#### Extracted entries ####

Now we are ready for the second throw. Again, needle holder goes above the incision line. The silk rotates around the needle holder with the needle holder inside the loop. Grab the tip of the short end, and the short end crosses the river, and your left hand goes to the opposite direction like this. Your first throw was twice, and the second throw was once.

####
#### Extracted entries ####

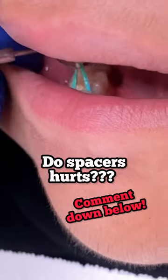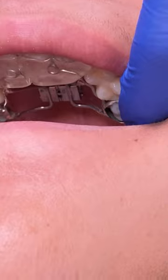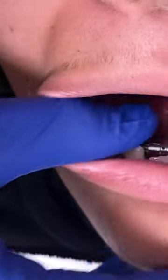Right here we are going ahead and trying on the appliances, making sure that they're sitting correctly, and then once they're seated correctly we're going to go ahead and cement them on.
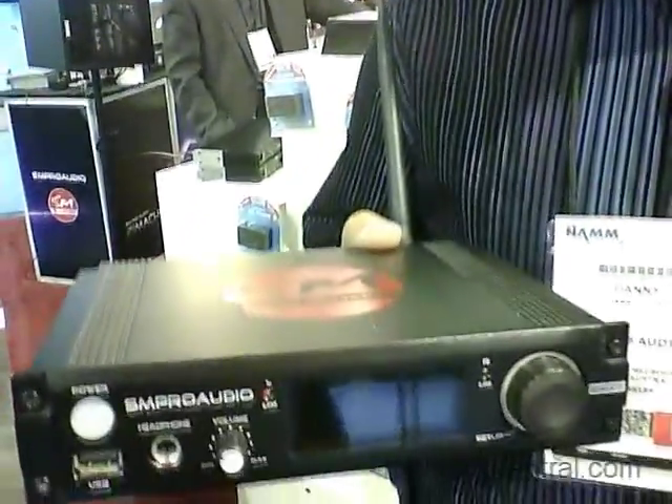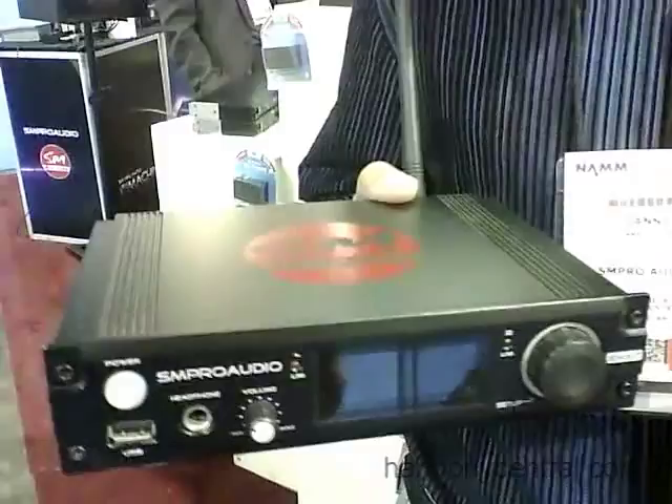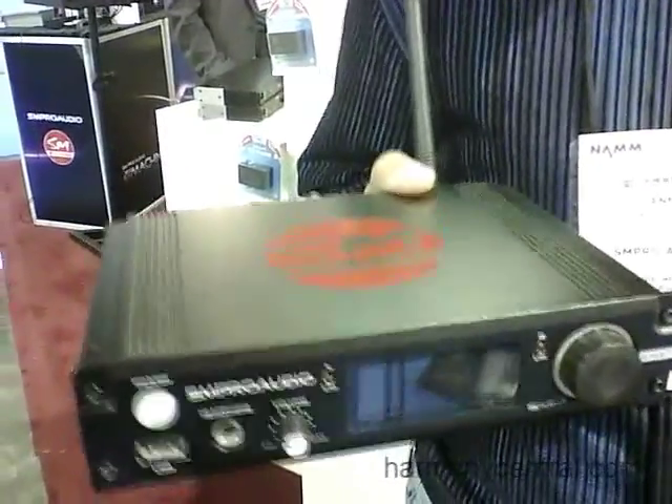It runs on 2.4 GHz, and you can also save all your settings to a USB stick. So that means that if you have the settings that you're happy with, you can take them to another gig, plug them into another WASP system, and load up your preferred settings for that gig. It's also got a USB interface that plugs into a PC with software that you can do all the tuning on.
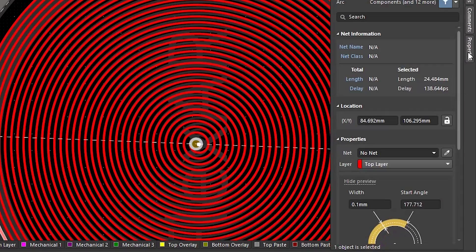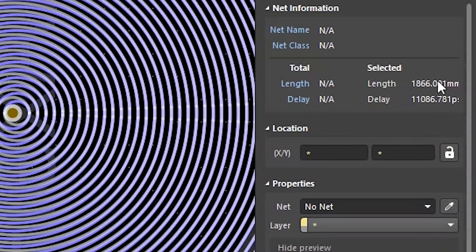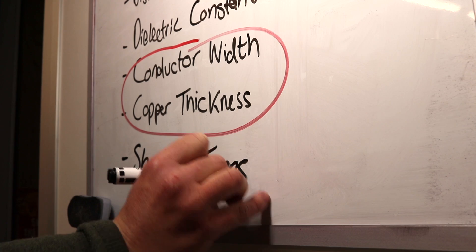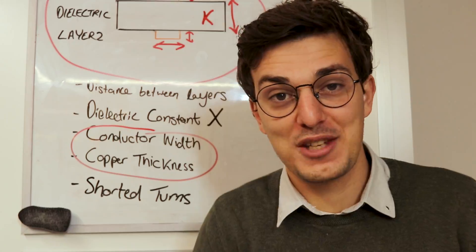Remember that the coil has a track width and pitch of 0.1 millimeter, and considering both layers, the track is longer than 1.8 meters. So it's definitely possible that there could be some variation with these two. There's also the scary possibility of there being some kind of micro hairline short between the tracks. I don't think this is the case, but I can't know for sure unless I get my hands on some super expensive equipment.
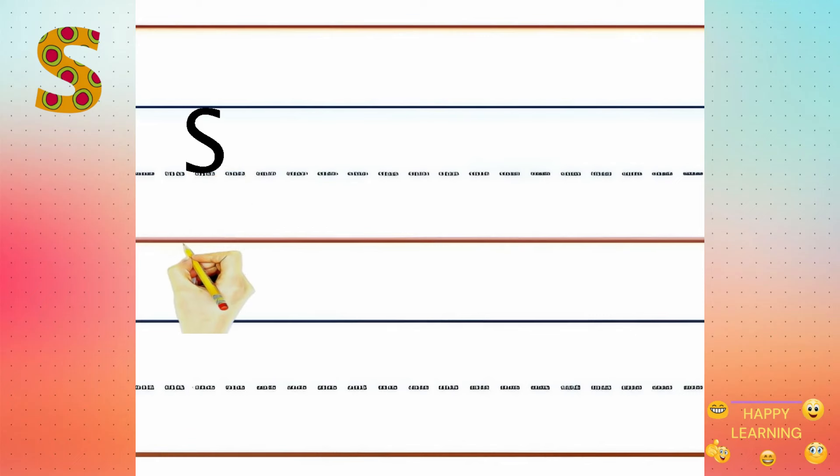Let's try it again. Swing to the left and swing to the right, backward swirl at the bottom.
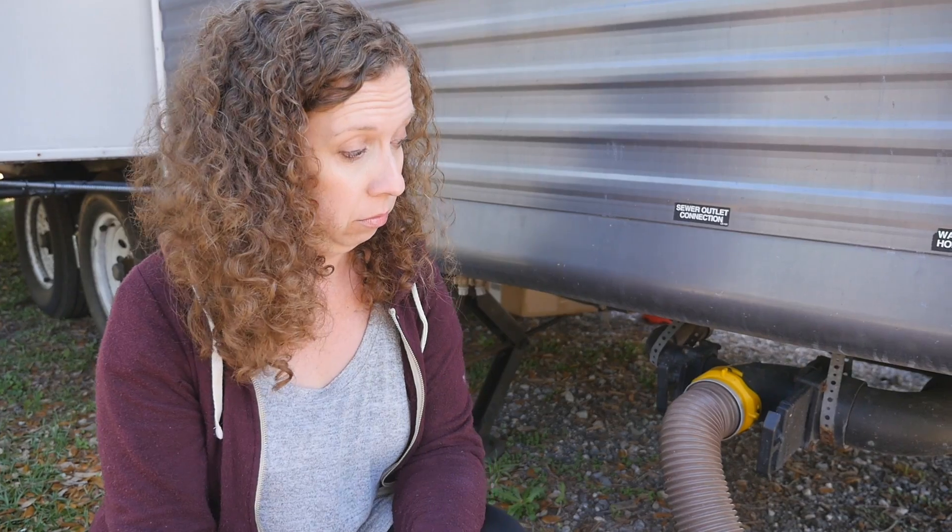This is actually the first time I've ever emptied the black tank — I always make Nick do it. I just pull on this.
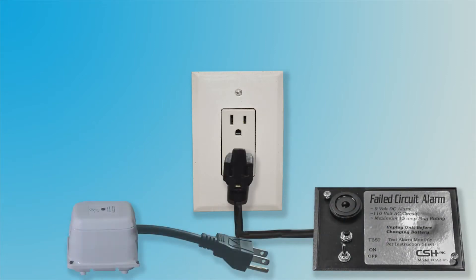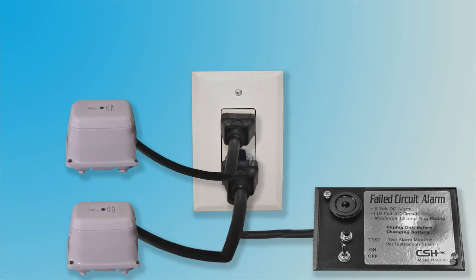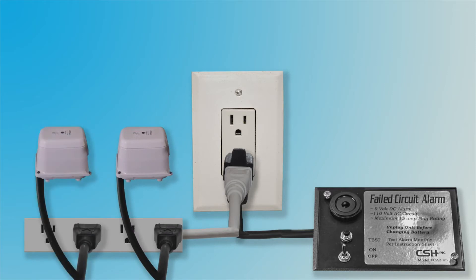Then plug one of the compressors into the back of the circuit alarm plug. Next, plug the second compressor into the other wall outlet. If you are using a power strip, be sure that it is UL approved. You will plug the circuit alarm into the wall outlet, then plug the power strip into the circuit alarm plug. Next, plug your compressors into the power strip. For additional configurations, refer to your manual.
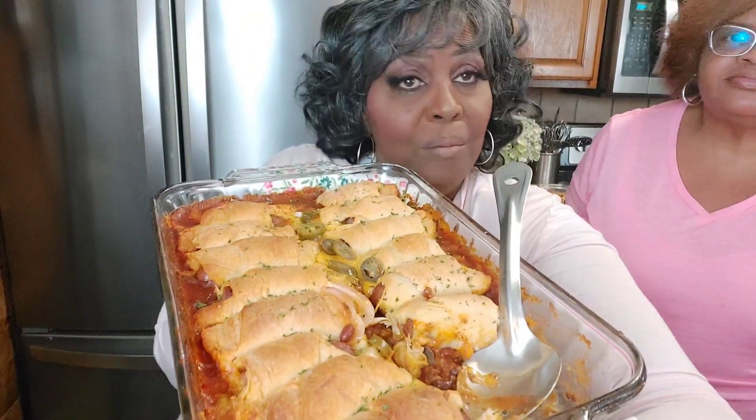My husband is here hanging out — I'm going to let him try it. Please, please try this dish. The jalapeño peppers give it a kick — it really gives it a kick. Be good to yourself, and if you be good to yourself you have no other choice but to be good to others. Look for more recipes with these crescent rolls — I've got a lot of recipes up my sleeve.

####

- About this task -
Look above for the line containing "Let's try it" and the line containing "My husband is", then reproduce both and everything between them exactly, pictures omitted.

- Exercise solution -
Let's try it again. Swing to the left and swing to the right, backward swirl at the bottom.
This is actually the first time I've ever emptied the black tank — I always make Nick do it. I just pull on this.
Then plug one of the compressors into the back of the circuit alarm plug. Next, plug the second compressor into the other wall outlet. If you are using a power strip, be sure that it is UL approved. You will plug the circuit alarm into the wall outlet, then plug the power strip into the circuit alarm plug. Next, plug your compressors into the power strip. For additional configurations, refer to your manual.
My husband is here hanging out — I'm going to let him try it. Please, please try this dish. The jalapeño peppers give it a kick — it really gives it a kick. Be good to yourself, and if you be good to yourself you have no other choice but to be good to others. Look for more recipes with these crescent rolls — I've got a lot of recipes up my sleeve.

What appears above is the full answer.